┌─ Excerpted data
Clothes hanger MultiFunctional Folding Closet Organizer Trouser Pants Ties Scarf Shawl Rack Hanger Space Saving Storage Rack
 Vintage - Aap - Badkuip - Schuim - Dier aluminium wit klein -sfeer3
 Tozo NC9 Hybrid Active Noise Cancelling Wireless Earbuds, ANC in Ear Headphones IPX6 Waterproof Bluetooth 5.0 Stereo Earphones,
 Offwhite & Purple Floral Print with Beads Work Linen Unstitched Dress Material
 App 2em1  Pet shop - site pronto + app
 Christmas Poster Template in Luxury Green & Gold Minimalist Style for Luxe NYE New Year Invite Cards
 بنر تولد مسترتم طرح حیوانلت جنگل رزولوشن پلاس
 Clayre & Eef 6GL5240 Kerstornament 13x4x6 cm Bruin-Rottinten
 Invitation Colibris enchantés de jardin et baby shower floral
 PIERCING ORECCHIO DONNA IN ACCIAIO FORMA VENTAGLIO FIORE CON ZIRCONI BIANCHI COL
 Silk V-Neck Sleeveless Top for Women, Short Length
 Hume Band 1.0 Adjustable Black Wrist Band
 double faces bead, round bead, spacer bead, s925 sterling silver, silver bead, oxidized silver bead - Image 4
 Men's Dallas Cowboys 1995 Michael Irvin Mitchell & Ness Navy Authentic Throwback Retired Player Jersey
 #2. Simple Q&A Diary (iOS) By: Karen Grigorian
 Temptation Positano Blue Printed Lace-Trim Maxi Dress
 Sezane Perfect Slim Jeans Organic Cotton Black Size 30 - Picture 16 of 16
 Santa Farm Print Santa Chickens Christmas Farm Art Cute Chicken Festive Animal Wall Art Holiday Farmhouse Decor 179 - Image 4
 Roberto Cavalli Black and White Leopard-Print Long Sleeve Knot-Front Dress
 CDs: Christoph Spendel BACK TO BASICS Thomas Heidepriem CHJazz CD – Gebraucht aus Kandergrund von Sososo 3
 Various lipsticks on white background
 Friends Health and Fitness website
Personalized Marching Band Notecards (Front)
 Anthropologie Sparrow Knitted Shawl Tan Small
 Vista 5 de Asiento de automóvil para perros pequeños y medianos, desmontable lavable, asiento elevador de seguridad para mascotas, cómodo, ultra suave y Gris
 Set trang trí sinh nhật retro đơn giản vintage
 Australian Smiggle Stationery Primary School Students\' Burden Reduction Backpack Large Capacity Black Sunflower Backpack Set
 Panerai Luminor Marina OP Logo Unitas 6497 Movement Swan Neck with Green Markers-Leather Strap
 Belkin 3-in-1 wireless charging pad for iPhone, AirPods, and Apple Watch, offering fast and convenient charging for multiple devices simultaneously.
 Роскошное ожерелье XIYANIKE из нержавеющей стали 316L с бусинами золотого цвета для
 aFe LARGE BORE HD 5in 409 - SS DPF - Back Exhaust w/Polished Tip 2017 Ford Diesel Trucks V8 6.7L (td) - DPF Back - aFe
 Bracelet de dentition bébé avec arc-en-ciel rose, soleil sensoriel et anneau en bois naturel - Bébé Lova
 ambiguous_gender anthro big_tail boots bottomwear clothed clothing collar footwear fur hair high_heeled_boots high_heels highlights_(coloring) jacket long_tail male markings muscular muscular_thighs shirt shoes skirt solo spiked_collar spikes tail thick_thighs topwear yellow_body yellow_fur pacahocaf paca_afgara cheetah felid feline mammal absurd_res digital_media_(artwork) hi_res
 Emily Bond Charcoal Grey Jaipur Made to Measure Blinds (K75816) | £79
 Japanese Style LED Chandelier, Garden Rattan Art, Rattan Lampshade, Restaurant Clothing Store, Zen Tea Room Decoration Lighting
└─
What this task involves:
When the word "Neck" shows up in a line of the entries, report that line.

Output for this task:
 Silk V-Neck Sleeveless Top for Women, Short Length
 Panerai Luminor Marina OP Logo Unitas 6497 Movement Swan Neck with Green Markers-Leather Strap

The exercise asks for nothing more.